Kick in the pants, shot in the arm, slap in the face, or, inspiration.

Being inspired is sort of a funny thing. It’s strangely unsettling, like the beginning of a storm. The sky darkens and the air chills, but you don’t know the storm is upon you until a rogue gust of wind flings open your front door. That’s what being inspired feels like to me – the throwing open of a closed door.

There’s been a lot of talk flying around between the three of us about what this project is, where it is going, what we want it to mean to people. Those answers will come, eventually, as we move along the road and our project leaks into the empty corners that only experience can fill. For now, we can share how we got here, what inspired us to inspire.

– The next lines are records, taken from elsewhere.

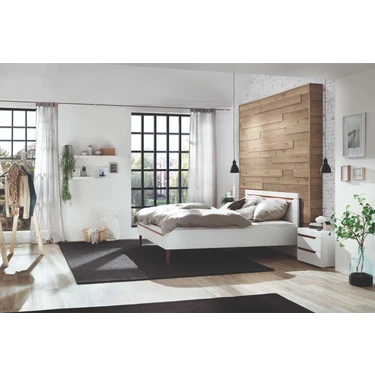 Krono Original Super Natural Summer Breeze Oak Laminat Parke Fiyatı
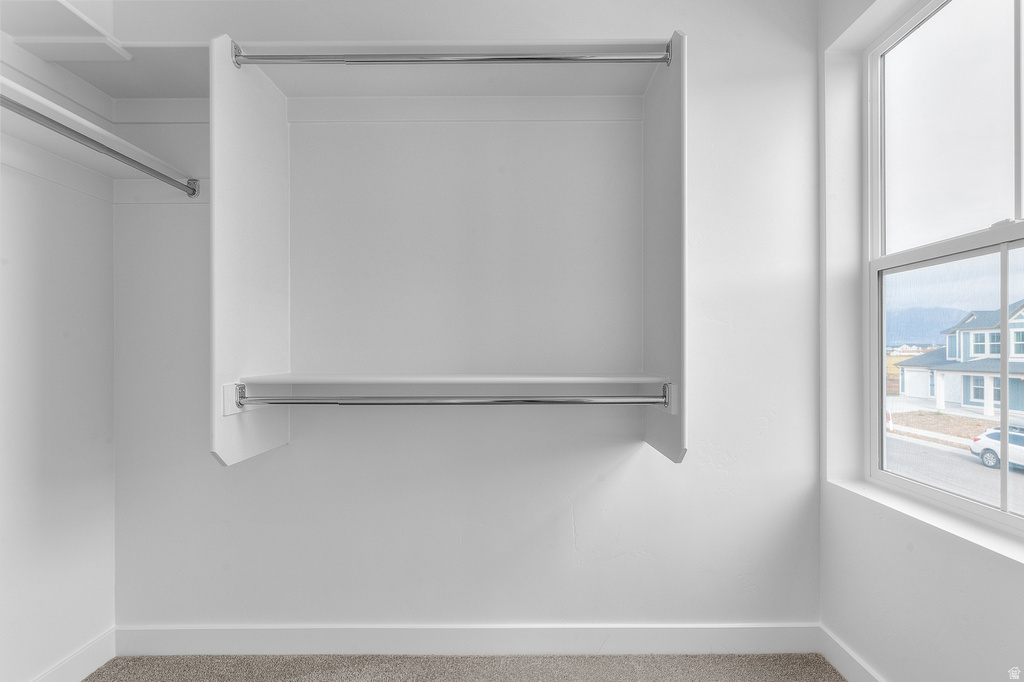 1953 S 2425 W West Haven, UT 84401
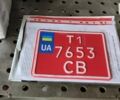 Фада UNLI, объемом двигателя 0 л и пробегом 2 тыс. км за 1100 $, фото 2 на Automoto.ua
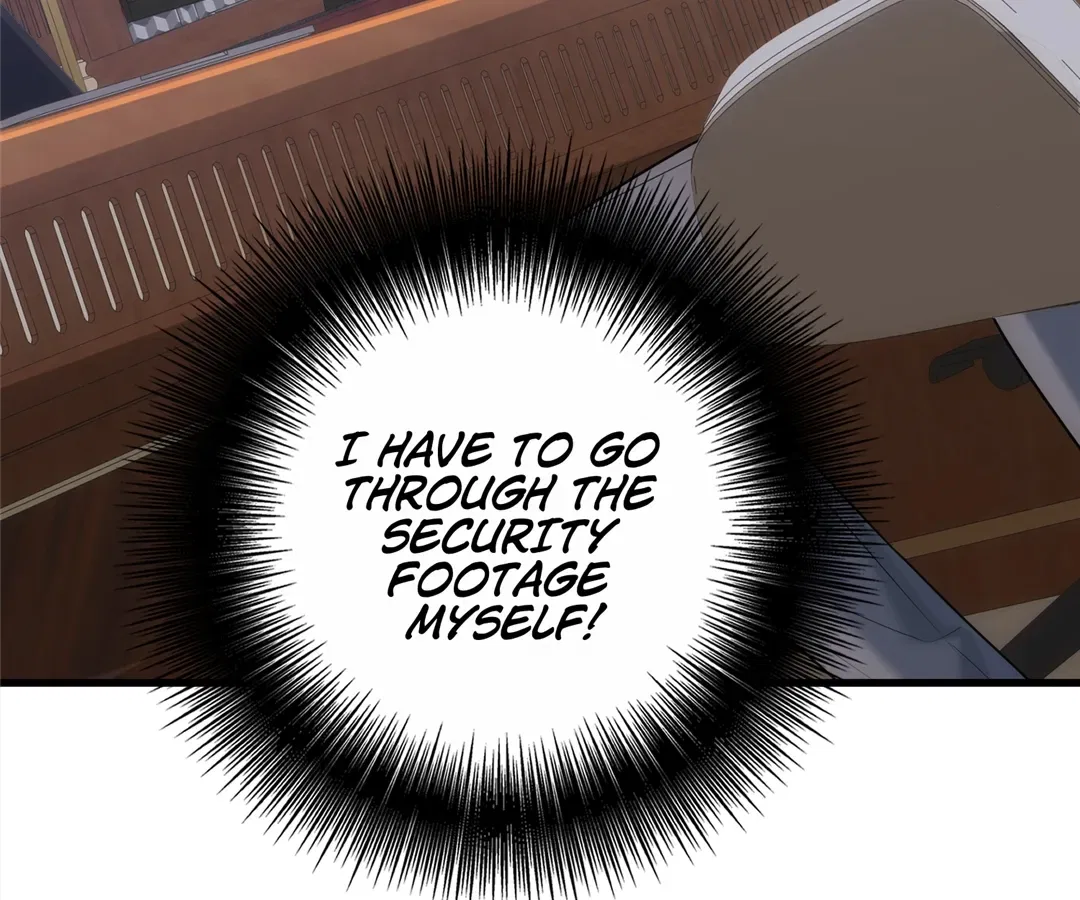 The Man Is A Real Dog Chapter 49 – Page 78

Allie has been shooting film for the outdoor industry for two years. Every so often she would disappear to participate in some industry convention or film festival and return elevated, full of stories about amazing people she’d spent time with. One such person is Nick Waggoner, director/producer of Sweetgrass Productions. When I met him, he was in Aspen to attend the Powder Magazine 2010 Powder Video Awards at the Winter X-Games. He walked away with the award for Best Cinematography for his film “Signatures,” performed an impromptu harmonica solo as his acceptance speech and shook Warren Miller’s hand, then took us back to the candy-colored short-bus that he calls home. That night we slept five across in the back of the bus, protected from the Colorado cold by body heat and down sleeping bags.

Ladies and Gentlemen, Nick Waggoner on the harmonica.

I was absolutely floored. Nick’s life seemed so contradictory– rubbing elbows with the skiing world’s glitterati then returning to his home on wheels, eating stale Raisin Bran and musing with us about the poetry written on the bus’ haiku wall. It wasn’t long after this that Allie started talking about her Airstream, how she yearned for a home with wheels. “I could never do that,” I marveled to myself when she left Durango in her newly bought veggie oil-converted truck, en route to buy an Airstream in Boulder.

And as there are bumps in every country road, Allie’s road held some unseen dips and holes. Only a few miles outside of Boulder on the return trip to Durango, her veggie engine seized. She ended up stranded for a month, refiguring her dream and reworking logistics. She eventually hitched a ride to 5point Film Festival in Carbondale, CO, then to Durango to empty her room before her lease was up. She invited Greer and I over to share some beers and keep her company while she packed. We’d received a few cryptic text messages from her while she was in Carbondale, and were thus curious as to where this meeting would go.

Elvira, Allie's doomed veggie-oil truck, being hauled off in Boulder

We learned that when she was at 5point, Allie screened “180 South,” a film about Jeff Johnson’s re-creation of Yvan Chouinard and Doug Tompkin’s 1968 voyage to Patagonia to climb a new route on Mt. Fitzroy. Yvan and Doug traveled by van through South America for months, and they made a film too, called “Mountain of Storms.” Jeff’s voyage was a passion project ten years in the making, a trip by land and by sea. “180 South” weaves his trip together with South America’s ecological devastation, a cause that Doug Tompkin has devoted his life to. Allie told us she was so inspired by all this that she’d decided she ought to document an adventure of her own. She said she wanted to make a film about the ever-roaming community she was about to join in her Airstream, while taking a stand for her country’s environmental woes.

I had never heard of Yvan or Doug or any sort of Patagonian adventure and was completely perplexed by the idea of “dirtbagging,” but Allie had the fire in her eyes. From the minute she pitched us the project, it was a done deal. She stormed into my life and flung open a door that I had never even noticed before. I was inspired, and that day I was given license to be a filmmaker, adventurer and the writer I’d always fancied myself to be.

I hope this experience will ultimately yield a film about what can happen when people get inspired. Every person we are searching for is doing something courageous – railing against the status quo and pushing for their passion. We hope to discover what motivates them, what pushes them, what unlocks the hidden doors in their hearts.